The spring of 1984 was dark and dismal, endless days and weeks and months of trying and failing. A degree in English and Modern Languages with professors who said "You can do anything you want. Go into advertising, or public relations, or book publishing." A hundred resumes sent to advertising agencies, public relations firms, and publishing houses all over the country, with no answer or "no openings." By the end of May, my friends had all gone home for the summer or graduated, so I walked the streets of Bloomington alone, looking up at the cross on the tower of a distant church and wondering if there was anything ahead but dead ends.
On the evening of June 15th, I saw Gremlins, starring 20-year old Zach Galligan as a teenager who accidentally feeds his mogwai after midnight, thus turning it into a rampaging monster.
The movie itself was of minimal interest. Zach may have had a buddy-bonding friendship with fellow mogwai enthusiast Corey Feldman on the way to winning the Girl of His Dreams.
During the next years and decades, I didn't learn much more about Zach. I never saw him in any other movie or tv show, except maybe a 1998 episode of Star Trek: Voyager, where I didn't recognize him.
There was an occasional photo or reference on one of the gay celebrity websites that we had back in the days of America Online and Myspace. They revealed that:
1. Zach was tied up in a lot of his movies. This shot appeared over and over.
And:
2. He was gay in real life. I never questioned this.
A few days ago, I noticed a run on my earlier profile of Zach Galligan, so I started researching him for a new profile.
First, n*de photos.
Second, he disparages this 30-foot tall statue in Louisville, Kentucky: "If I looked like this naked, I'm not sure I would hang out in downtown Louisville. #teeny." Dude, that's an homage to Michelangelo's David by Turkish artist Serkan Ă–zkaya. Show some respect.
Next, is he really gay, like those celebrity websites of yesteryear told us?
His Instagram says "Actor, cat lover, thunderstorm anticipator." A promising sign: Most straight guys have "husband/father" in their tagline, and for whatever reason, cats are gay-coded.
Psych! 15 of the first 20 posts are pictures of Zach hugging, kissing, holding, and grinning at the camera with the Woman of His Dreams.
Later on we find a shot from one of his movie, but Zach so busy gushing over Molly Ringwald that he doesn't say who the shirtless guy is. I think the movie is Surviving (1985), with Zach and Molly playing high schoolers so distraught over their parents' opposition to their relationship that they Romeo-and-Juliet themselves. Marc Gilpin played their friend Bobby.

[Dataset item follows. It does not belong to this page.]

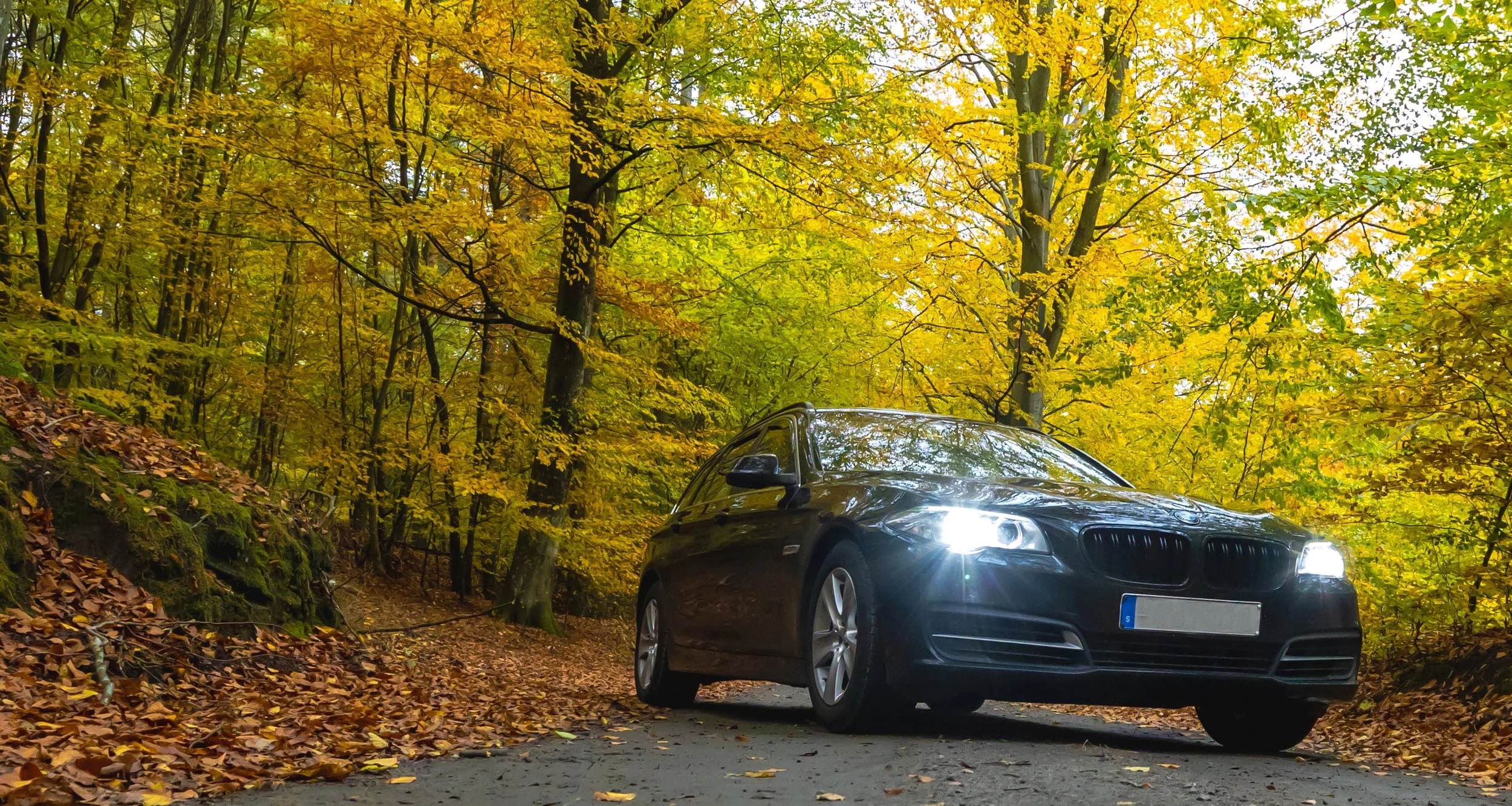 Svart BMW fotograferad på skogsväg i höstmiljö, professionell bilfotografering av Jeanette Lindeskog i Skåne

Next Zach brags about being paid to "make love to a stunning Polish actress" in Danielle Steele's Crossings. He posts 12 photos of her body and part of his head. Lee Horsley, tv's Matt Houston, was the star. How about showing us some of his body?
Researching other sources is no better. An article from 2014 says that Zach regrets leaving Hollywood -- and not dating Phoebe Cates. Can't go 30 seconds without mentioning a girl, can you, buddy?
Zach can't help being straight -- he was born that way -- but does he have to be heterosexist AF, proclaiming "girls! girls! girls!' constantly, as if feminine smiles are the Meaning of Life?
I am disgustipated.
When they discover that an actor they liked as a kid is gay, heterosexuals complain that their childhood "is ruined!" I'm not sure why. Because they can no longer pretend that no LGBT people existed in the past?
Well, Zach and Allan Kayser, Bubba on Mama's Family. Yes, his bulge was on display in every episode.